João Rasteiro disse...

então lá estaremos para "falar" sobre esta antologia (importante sem dúvida, mas...)que assenta em parâmetros muito "estranhos", no mínimo!!!
BJS.

JOÃO

António Rodrigues Duarte disse...

Não deixa de ser curioso verificar que o que João Rasteiro diz, com ironia, Manuel António Pina, em 2005, também o escreveu, mas sem qualquer ironia, com as seguintes palavras: "É preciso que eu diga algo se calhar cruel e comprometedor: a maior parte da poesia portuguesa de autores mais jovens (a revelada, digamos, nas últimas duas décadas) parece-me, senão decepcionante, ao menos, e em geral, desnecessária.

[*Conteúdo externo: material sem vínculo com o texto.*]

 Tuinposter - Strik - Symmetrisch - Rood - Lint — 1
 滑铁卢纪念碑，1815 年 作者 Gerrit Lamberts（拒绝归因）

Com raríssimas excepções, ela tem apenas, de novo, a idade dos seus autores; muitas vezes nem velha é, é apenas de idade indefinida. A sua principal característica é a desnecessidade, quero eu dizer que, da parte dela, não há-de vir mal nenhum, nem bem nenhum, ao mundo. (De qualquer modo, a minha opinião não tem qualquer relevância na matéria, e não há-de ser decerto ela a determinar o seu destino ou o seu não-destino...)
A poesia de Daniel Maia-Pinto Rodrigues é, para mim, leitor compulsivo, mesmo se frequentemente distraído, da poesia que se vai publicando, uma dessas raríssimas excepções. E o seu carácter excepcional resulta não só da sua singularidade, mas, simultaneamente, do modo como essa singularidade, essa estranheza, transporta um emocionado e desconcertante reconhecimento do funcionamento do próprio poético."

João Rasteiro disse...

Meu caro António Rodrigues Duarte, ainda bem que por aqui aportou, logicamente que fico contente.
Relativamente ao seu comentário, apenas lhe direi o seguinte:
A) na minha opinião, a chamada "nova poesia portuguesa", nem é tão boa e inovadora como alguns defendem, mas, também não é tão má como outros querem apelidar/demonstrar.
Se assim o desejar, poderá pesquisar/ver/procurar no meu blogue, as notícias/comentários e publicação de poemas dos autores de uma pequena antologia (10 poetas) que organizei para a revista colombiana ARQUITRAVE - mesmo se alguns dos poetas não são inteiramente do meu agrado, mas tentei dar alguma abrangência do que se vai fazendo por cá.
B)Relativamente à critica à antologia organizada pelo Jorge Reis-Sá e o Rui Lage e concretamente ao nº de poemas inseridos, do Daniel Maia-Pinto Rodrigues, a critica não é tanto à poesia dele, mas mais à importância dada ao Daniel, no contexto da antologia, tendo em conta a comparação com a obra de outros poetas. É certo que na minha modesta opinião, a poesia e a obra do daniel maia-pinto Rodrigues é algo desequilibrada, juntando alguns excelentes poemas, com outros demasiado frágeis e até algo artificiais. Por outro lado incomoda-me a vontade de algumas pessoas (e aí o exagero tem limites) em quererem comparar e colocar ao mesmo nível o Daniel e a Adília Lopes, mas é provável que seja eu que esteja errado.
C) Mas, como muito bem diz, e isto serve para si e para mim: "a minha opinião não tem qualquer relevância na matéria, e não há-de ser decerto ela a determinar o seu destino ou o seu não-destino...)"
A única diferença para alguns, é que eu aquilo que penso (muitas vezes erradamente e outras até com alguma falta de conhecimentos - todos julgamos saber muito sobre tudo e os outros, mas, na realidade, sabemos sempre muito pouco) digo-o e assumo-o, e não me calo ou digo sempre bem para tirar daí dividendos, ou pelo menos tento, porque todos somos humanos e por vezes todos pecamos - o problema são aqueles que fazem disso "o dia a dia"!
Apareça mais vezes, opine, critique, elogie (aqui não há, nem haverá nunca censura - excepto se colidirem com direitos fundamentais do ser humano e quiça da constituição, mas censura por delito de opinião: JAMAIS!), ...fale, porque "entre nós e as palavras/ o nosso dever falar".